The principal uniqueness drivers are the following:

Policy Choices
Firms make policy choices about what activities to perform them. Some typical policy choices that lead to uniqueness include:
  • product features and performance offered
  • services provided (e.g., credit, delivery, or repair)
  • intensity of an activity adopted (e.g., rate of advertising spending)
  • content of activity (e.g., the information provided in order processing)
  • technology employed in performing an activity (e.g., precision of machine tools, computerization of order processing)
  • quality of inputs procured for an activity
  • procedures governing the actions of personnel in an activity (e.g., service procedures, nature of sales calls, frequency of inspection or sampling)

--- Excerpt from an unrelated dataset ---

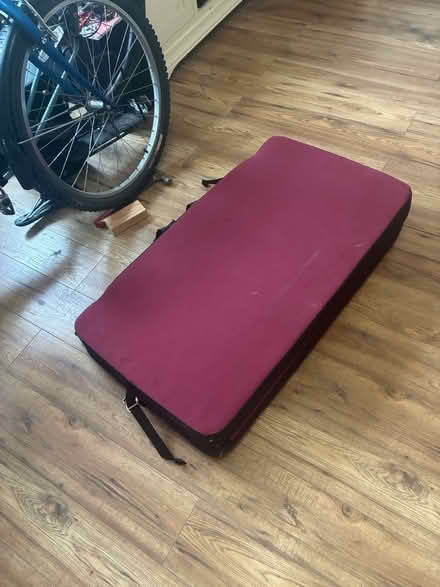 Photo of free Bouldering mat (Gomshall, Guildford - GU5) #1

  • skill and experience level of personnel employed in an activity, and training provided
  • skill and experience level of personnel employed in an activity and training provided
  • information employed to control an activity (e.g, number of temperature, pressure, and variables used to control a chemical reaction).
Linkages
Uniqueness often stems from linkages within the value chain or with suppliers and channels that a firm exploits. Some typical include:
  • Linkages within the value chain. Meeting buyer needs often involves coordinating linked activities.
  • Supplier linkages. Uniqueness in meeting buyer needs may also be the result of coordination with suppliers.
  • Channel linkages. Some examples of how linkages with channels can lead to unique are as follows: training channels in selling and other business practices; joint selling efforts with channels; subsidizing for channel investments in personnel, facilities, and performance of additional activities.
Timing
Being the first to adopt a product image, for example, may preempt others from doing so and make the firm unique.
Location
For example, a retail bank may have the most convenient branch and automatic teller machine locations.
Interrelationships
The uniqueness of a value activity may stem from sharing it with sister business units.
Learning and spillovers
The uniqueness of an activity can be the result of learning about how to perform it better. The spillover of learning to competitors erodes its contribution to differentiation.
Integration
Integration into new value activities can make a firm unique because the firm is better able to control the performance of the activities. It may also provides more activities to be sources of differentiation.
Scale
Large scale can allow an activity to be performed in a unique way that is not possible at smaller volume.
Institutional Factors
Institutional factors sometimes play a role in allowing a firm to be unique.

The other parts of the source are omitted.